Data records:
▬▬▬▬▬▬

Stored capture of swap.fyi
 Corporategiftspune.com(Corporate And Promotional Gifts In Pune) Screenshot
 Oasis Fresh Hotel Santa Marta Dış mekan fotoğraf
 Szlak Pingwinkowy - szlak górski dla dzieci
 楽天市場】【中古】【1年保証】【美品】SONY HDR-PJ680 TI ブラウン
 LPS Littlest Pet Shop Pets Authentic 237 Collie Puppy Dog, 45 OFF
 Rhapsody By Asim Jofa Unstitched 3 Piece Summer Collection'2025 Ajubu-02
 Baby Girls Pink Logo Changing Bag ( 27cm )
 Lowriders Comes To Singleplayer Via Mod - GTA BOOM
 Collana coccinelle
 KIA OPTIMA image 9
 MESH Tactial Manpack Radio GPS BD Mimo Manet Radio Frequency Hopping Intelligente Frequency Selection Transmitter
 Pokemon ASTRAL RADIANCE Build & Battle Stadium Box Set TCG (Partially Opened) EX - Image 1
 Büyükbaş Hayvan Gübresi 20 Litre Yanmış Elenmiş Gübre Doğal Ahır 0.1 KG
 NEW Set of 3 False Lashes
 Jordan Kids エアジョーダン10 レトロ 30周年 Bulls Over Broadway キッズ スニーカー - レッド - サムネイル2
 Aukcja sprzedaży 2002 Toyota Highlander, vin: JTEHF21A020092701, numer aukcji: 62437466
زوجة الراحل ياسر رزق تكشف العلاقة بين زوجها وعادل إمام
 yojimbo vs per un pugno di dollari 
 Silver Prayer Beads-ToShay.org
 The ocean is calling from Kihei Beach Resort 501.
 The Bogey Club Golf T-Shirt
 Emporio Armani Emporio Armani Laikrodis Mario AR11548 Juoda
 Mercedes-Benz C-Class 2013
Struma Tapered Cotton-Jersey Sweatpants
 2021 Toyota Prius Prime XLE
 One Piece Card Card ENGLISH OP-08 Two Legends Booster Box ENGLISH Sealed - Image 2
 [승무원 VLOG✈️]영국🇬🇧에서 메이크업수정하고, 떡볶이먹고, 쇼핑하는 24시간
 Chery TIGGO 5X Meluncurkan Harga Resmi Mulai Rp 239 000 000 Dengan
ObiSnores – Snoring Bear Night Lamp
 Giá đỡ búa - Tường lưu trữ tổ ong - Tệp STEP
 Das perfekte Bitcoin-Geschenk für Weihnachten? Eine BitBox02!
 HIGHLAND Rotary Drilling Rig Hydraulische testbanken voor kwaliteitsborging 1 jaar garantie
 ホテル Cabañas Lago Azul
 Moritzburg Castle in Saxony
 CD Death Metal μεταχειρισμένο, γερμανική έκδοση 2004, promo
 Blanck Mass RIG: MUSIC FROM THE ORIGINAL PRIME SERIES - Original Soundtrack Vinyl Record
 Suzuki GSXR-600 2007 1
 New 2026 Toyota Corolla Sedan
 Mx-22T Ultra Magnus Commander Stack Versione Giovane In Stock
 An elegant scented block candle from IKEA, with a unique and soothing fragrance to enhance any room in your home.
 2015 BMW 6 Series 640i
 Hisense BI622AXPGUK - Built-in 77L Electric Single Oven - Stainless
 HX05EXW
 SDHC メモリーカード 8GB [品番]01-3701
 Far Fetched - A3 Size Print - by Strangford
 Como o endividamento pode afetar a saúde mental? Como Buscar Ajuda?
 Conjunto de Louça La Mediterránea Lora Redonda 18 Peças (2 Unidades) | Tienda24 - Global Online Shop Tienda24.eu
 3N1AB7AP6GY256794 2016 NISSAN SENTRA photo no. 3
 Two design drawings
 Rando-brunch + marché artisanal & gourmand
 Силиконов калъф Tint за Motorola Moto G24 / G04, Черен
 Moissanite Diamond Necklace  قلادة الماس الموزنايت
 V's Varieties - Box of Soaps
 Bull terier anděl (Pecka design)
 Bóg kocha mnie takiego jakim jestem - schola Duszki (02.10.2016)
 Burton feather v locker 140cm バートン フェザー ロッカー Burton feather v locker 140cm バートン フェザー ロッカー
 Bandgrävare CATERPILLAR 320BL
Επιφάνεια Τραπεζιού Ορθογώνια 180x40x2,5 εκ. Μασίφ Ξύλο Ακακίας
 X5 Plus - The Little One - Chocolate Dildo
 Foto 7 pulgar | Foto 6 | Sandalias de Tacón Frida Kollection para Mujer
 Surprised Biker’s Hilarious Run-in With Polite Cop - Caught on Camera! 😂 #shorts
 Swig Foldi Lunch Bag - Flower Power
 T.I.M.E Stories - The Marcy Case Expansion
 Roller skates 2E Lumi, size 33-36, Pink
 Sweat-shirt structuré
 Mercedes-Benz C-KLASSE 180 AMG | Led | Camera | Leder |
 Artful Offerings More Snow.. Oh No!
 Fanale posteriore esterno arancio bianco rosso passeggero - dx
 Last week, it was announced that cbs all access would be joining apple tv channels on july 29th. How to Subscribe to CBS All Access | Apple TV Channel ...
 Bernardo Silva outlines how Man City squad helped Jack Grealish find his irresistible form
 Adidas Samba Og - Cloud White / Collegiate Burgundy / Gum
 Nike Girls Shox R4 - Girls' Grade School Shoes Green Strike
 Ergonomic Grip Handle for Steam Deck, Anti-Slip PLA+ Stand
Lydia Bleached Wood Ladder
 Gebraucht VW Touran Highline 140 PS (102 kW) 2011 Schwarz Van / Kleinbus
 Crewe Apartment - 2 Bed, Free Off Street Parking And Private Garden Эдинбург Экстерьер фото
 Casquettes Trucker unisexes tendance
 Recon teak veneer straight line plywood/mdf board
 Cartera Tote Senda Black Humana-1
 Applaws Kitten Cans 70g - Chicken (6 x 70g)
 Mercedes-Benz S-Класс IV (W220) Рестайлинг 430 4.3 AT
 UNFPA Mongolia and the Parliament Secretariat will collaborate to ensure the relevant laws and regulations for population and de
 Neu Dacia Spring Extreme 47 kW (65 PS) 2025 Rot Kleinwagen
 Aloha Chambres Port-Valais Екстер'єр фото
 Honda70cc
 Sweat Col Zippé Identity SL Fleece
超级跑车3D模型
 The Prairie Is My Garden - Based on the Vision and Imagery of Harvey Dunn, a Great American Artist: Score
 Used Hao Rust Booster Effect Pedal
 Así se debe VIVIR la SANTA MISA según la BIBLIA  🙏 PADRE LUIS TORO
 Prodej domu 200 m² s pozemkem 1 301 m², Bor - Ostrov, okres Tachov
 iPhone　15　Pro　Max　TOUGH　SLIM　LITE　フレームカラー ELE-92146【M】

▬▬▬▬▬▬

Directions for this task ▸ Copy out the lines of the records above in which the string "Garden" appears.

Answer to this problem ▸
 Crewe Apartment - 2 Bed, Free Off Street Parking And Private Garden Эдинбург Экстерьер фото
 The Prairie Is My Garden - Based on the Vision and Imagery of Harvey Dunn, a Great American Artist: Score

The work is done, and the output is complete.